Мы помним, как литературная критика старых лет была недовольна тем, что ей давала наша юная словесность, с трудом отстаивавшая в те годы свое право на самобытность и независимость. Всякий раз, когда критик, не желая говорить комплименты своим знакомым, относился более или менее серьезно к своему делу, он начинал жаловаться на отсутствие в нашей литературе самобытной силы, на небрежное отношение писателя к окружавшей его жизни. Он искал, как он выражался, «народности» в литературе и не находил ее. Правда, он сам не всегда мог ответить на вопрос, в чем эта «народность» должна заключаться, и потому часто бывал несправедлив и к крупным талантам, и к писателям среднего дарования, которые в те годы производили тщательные наблюдения над русской жизнью, но не умели облечь их в достаточно художественную форму.

Такая несправедливость вполне понятна ввиду слишком высоких требований, которые критик, воспитанный на образцах западной словесности, ставил словесности нашей, еще очень юной; а также ввиду того бесспорного факта, что лучшие наши писатели начала XIX века, действительно, обращали мало внимания на современную им жизнь и в своих творениях предпочитали прошлое или иноземное своему и настоящему. Критик имел некоторое основание жаловаться на то, что Жуковский, Пушкин, Грибоедов и иные сильные так мало успели сказать о той жизни, одним из лучших украшений которой они были. Белинский был прав, когда в 1834 году заявил категорически, что «у нас нет литературы». Он отлично знал цену некоторым высокохудожественным произведениям нашей словесности того времени, и он хотел сказать только, что связь этих произведений с нашей действительностью, с нашей русской жизнью могла бы быть более тесной.

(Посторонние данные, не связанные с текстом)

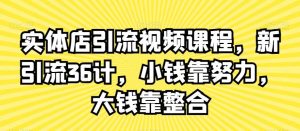 实体店引流视频课程,新引流36计,小钱靠努力,大钱靠整合-搞薯条网
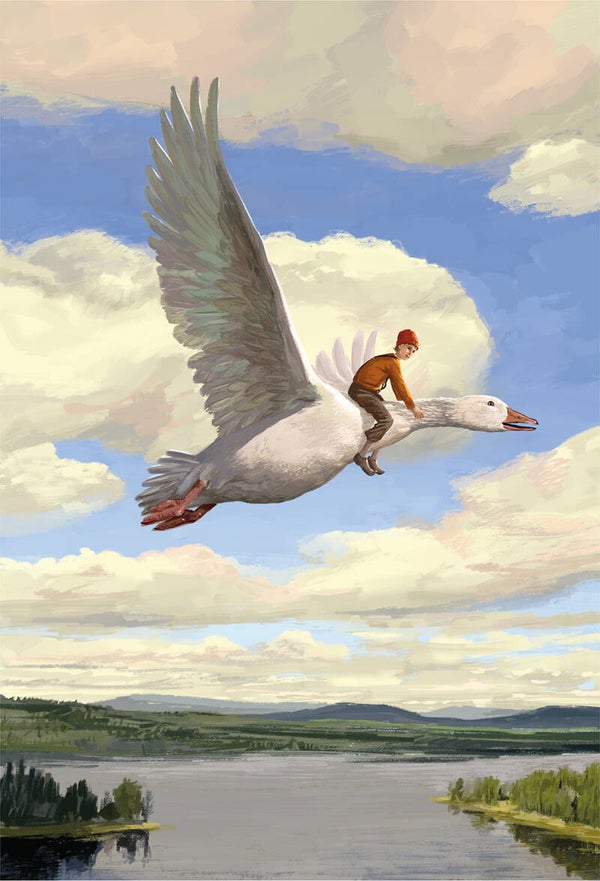 Nils Holgersson omslag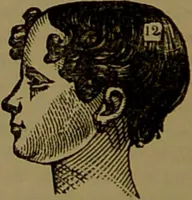 An illustration from Fowler's New illustrated self-instructor in phrenology and physiology : with over one hundred engravings, together with the chart and character of ... as marked by ... / by Lorenzo N. Fowler. (1893)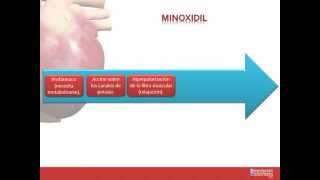 Tema 26 FARMACOLOGÍA CARDIOVASCULAR Fármacos indicados para la Hipertensión Arterial [upl. by Ztnarf]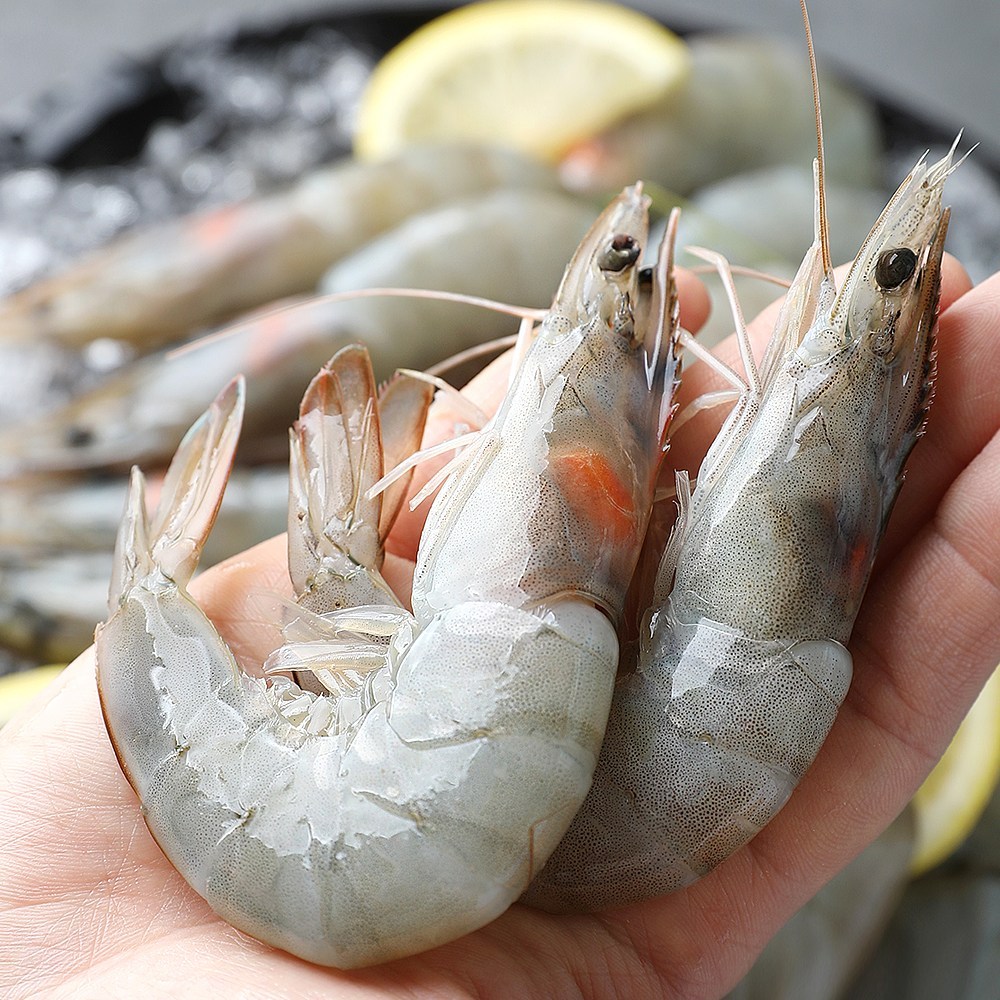 입안 가득 퍼지는 풍미, 물고기삼촌 흰다리 새우 대하 1kg 특별 할인!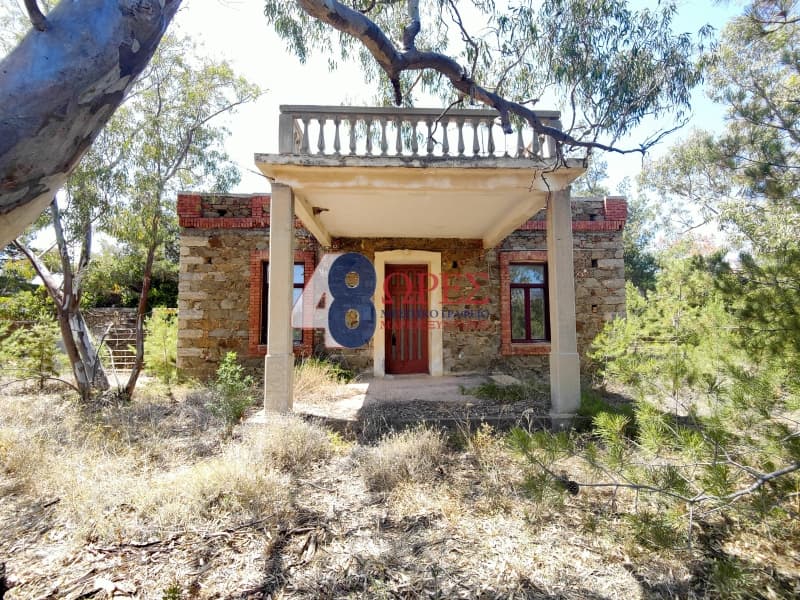 Οικόπεδο στην Αμάνη, Χίος — Φωτογραφία 3 από 9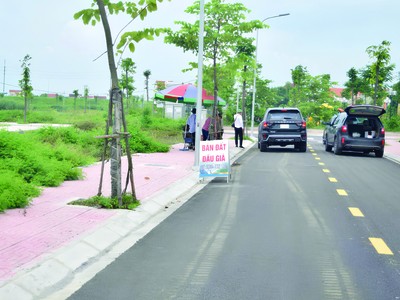 Đất đấu giá được quan tâm trở lại. Ảnh: Thanh Vũ.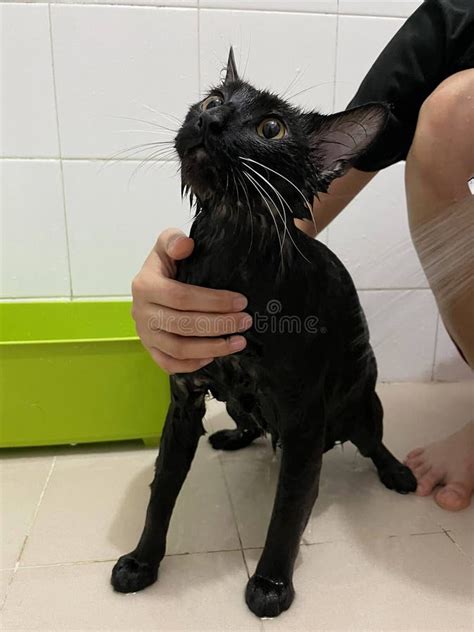 Black Cat in Bathroom. Pet Care and Bath. Wet Cat. Girl Washes Cat in ...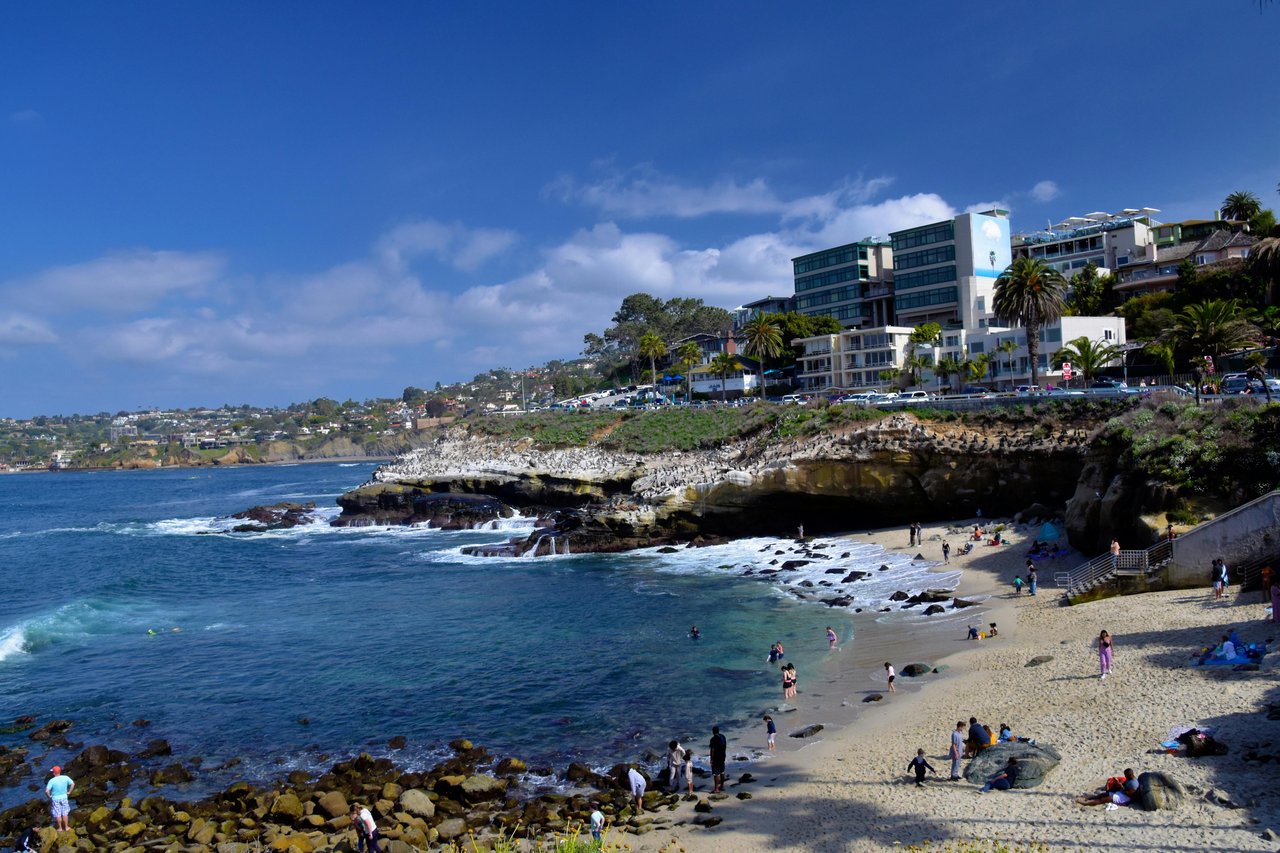 Spring flowers in foreground overlooking La Jolla beach and ocean on a clear coastal day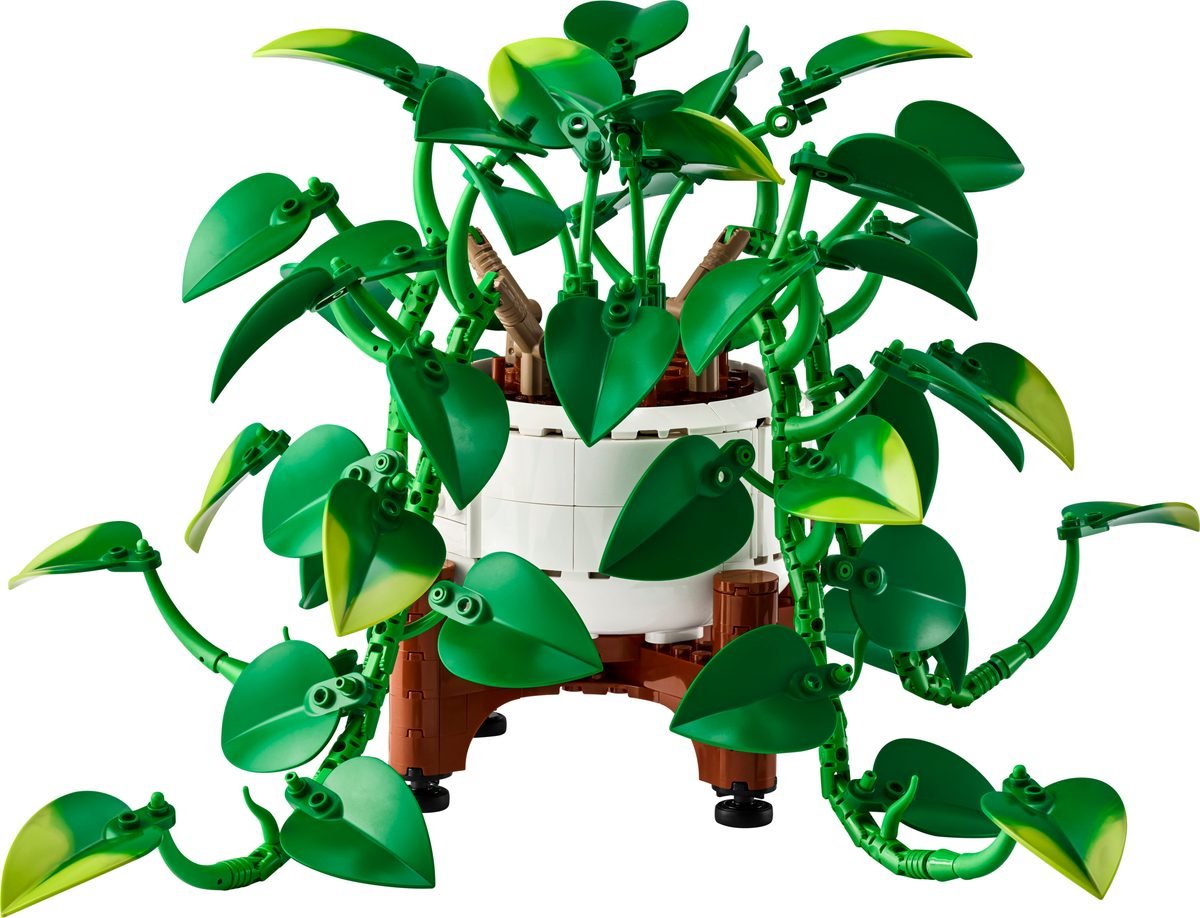 Le set LEGO Botanicals Pothos doré tombant (11512)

Прошло десять лет с того времени, как Белинским было сделано это смелое заявление, в котором он только повторил то, что до него говорили почти все критики, – и перед русским читателем лежало полное собрание сочинений Гоголя. Как с ними сосчиталась критика и удовлетворили ли они ее?

Прием, оказанный сочинениям Гоголя и в особенности его «Мертвым душам», свидетельствует очень ясно и определенно о необычайно сильном впечатлении, какое новый художник произвел на своих современников. Силу его таланта почувствовал каждый, и даже те критики, которые встретили Гоголя бранью, и они были поражены этой силой и, может быть, потому-то с таким забвением здравого смысла и выругались. Другие, под обаянием первого впечатления, вознесли автора до небес.

Останавливаясь перед этим резким разногласием судей, один критик писал: «Гоголь именно потому и является у нас чем-то загадочным, что наука, объемлющая все стороны искусства его, едва по частям промелькнула перед нами. Оттого одни смотрят на Гоголя с энтузиазмом, другие хулят его донельзя»[289].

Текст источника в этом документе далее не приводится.